There comes a time when the need for peace and closure is greater than the need for undoing an injustice. In allowing a temple to come up through a government-appointed trust at the disputed site in Ayodhya, the Supreme Court has apparently chosen a path most conducive to social harmony. To compensate the Muslim litigants, who were deprived of the centuries-old Babri Masjid through an illegal act of demolition, the court has asked for the allotment of a five-acre plot of land elsewhere in Ayodhya that may be used for building a new mosque. That this is more of moral consolation by way of a political compromise and less of adjudication in recognition of their religious rights is obvious. The final award will always be a source of discomfiture for those to whom closure goes beyond ensuring peace in a communally polarised environment. But what is most welcome about the 1,045-page verdict of a Bench of five judges is its unanimity. For, it sends out a message that the judiciary has, with a single mind, ventured to give legal burial to a prolonged dispute that began as a minor litigation, expanded into a divisive political cause, and became a festering wound on the body-politic for years. The fact that the case is over at last must come as great relief to all peace-loving people.
This sense of relief masks the bitter truth that the fear of a Hindu backlash if there was an adverse verdict was genuine. After nearly three decades of unrelenting pursuit of communal polarisation, the majoritarian, revanchist forces in the country have fatigued their secular adversaries into passive acquiescence. The Bench indeed has done well to record its revulsion at two incidents that represented an onslaught on the psyche of secular India: the desecration of the masjid in 1949 when Hindu idols were planted surreptitiously under its central dome, and the planned destruction of the whole structure by the foot soldiers of Hindutva on December 6, 1992. But what is most disappointing about it is that the relief spelt out by the Bench may amount to legitimising the very demolition it unequivocally condemns. Having declared that the suits are representative of the two communities, organised violence by one party ought not to have been ignored. It is common knowledge that the Vishwa Hindu Parishad, which spearheaded the temple movement with the active backing of the Bharatiya Janata Party and organised the demolition of the mosque, got a foothold in the litigation through an individual who represented the deity, Ram Lalla, as “a next friend” in a fresh suit filed in 1989.

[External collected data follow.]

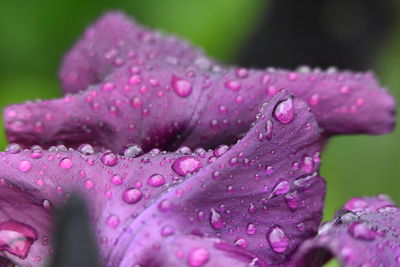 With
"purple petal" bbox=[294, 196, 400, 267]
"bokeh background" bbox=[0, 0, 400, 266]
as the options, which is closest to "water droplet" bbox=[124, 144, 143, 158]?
"purple petal" bbox=[294, 196, 400, 267]

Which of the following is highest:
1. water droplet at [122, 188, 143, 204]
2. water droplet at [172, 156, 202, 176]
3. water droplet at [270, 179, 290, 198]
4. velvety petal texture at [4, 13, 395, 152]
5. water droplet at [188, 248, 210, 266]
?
velvety petal texture at [4, 13, 395, 152]

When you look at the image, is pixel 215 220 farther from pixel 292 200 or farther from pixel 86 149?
pixel 86 149

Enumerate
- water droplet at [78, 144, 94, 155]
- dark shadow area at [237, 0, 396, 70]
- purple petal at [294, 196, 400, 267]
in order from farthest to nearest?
dark shadow area at [237, 0, 396, 70], water droplet at [78, 144, 94, 155], purple petal at [294, 196, 400, 267]

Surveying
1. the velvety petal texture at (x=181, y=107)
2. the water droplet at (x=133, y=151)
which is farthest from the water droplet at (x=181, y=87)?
the water droplet at (x=133, y=151)

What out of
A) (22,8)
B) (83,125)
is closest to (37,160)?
(83,125)

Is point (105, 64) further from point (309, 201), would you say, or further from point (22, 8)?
point (22, 8)

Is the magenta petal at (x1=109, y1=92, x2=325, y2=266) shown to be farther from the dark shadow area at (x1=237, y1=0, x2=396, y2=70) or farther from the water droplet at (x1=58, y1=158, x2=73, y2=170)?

A reading of the judgment reveals that the outcome is not wholly in line with the evidentiary conclusions the court itself reaches. It notes that archaeological evidence — procured only because excavation was made possible by the demolition and as such not available to the parties at the time of institution of the suits — only shows the existence of a 12th century Hindu religious structure underneath, but does not prove any demolition or explain what happened in the intervening centuries. It acknowledges that namaz was offered at the mosque between 1857 and 1949, and declares that Muslims did not abandon it, but offers no relief even though their religious rights stand proved. The entire disputed area covering both the inner and outer courtyards are awarded to one side contrary to its own conclusion that Muslims had a right, albeit a contested one, in the inner courtyard. While it holds that Hindus had possessory right over the entire outer courtyard to the exclusion of Muslims, it does not decide whether they had exclusive title; on the other hand, it rejects the Muslim claim solely on the ground that they failed to prove “exclusive title”. Also, the court says evidence of Hindu worship was available for a period prior to 1857, while there was proof of namaz only after 1857, without accounting for the fact that it was in that year that a massive riot took place that led to the British administration putting up a railing to divide the mosque from the Hindu shrines in the outer courtyard. The case has been decided on the balance of probabilities that Hindus have proved a better title than Muslims. While it is true that “preponderance of probablities” is the standard of proof in civil law, it is doubtful whether this can be invoked to the exclusion of an acknowledged right belonging to the other side.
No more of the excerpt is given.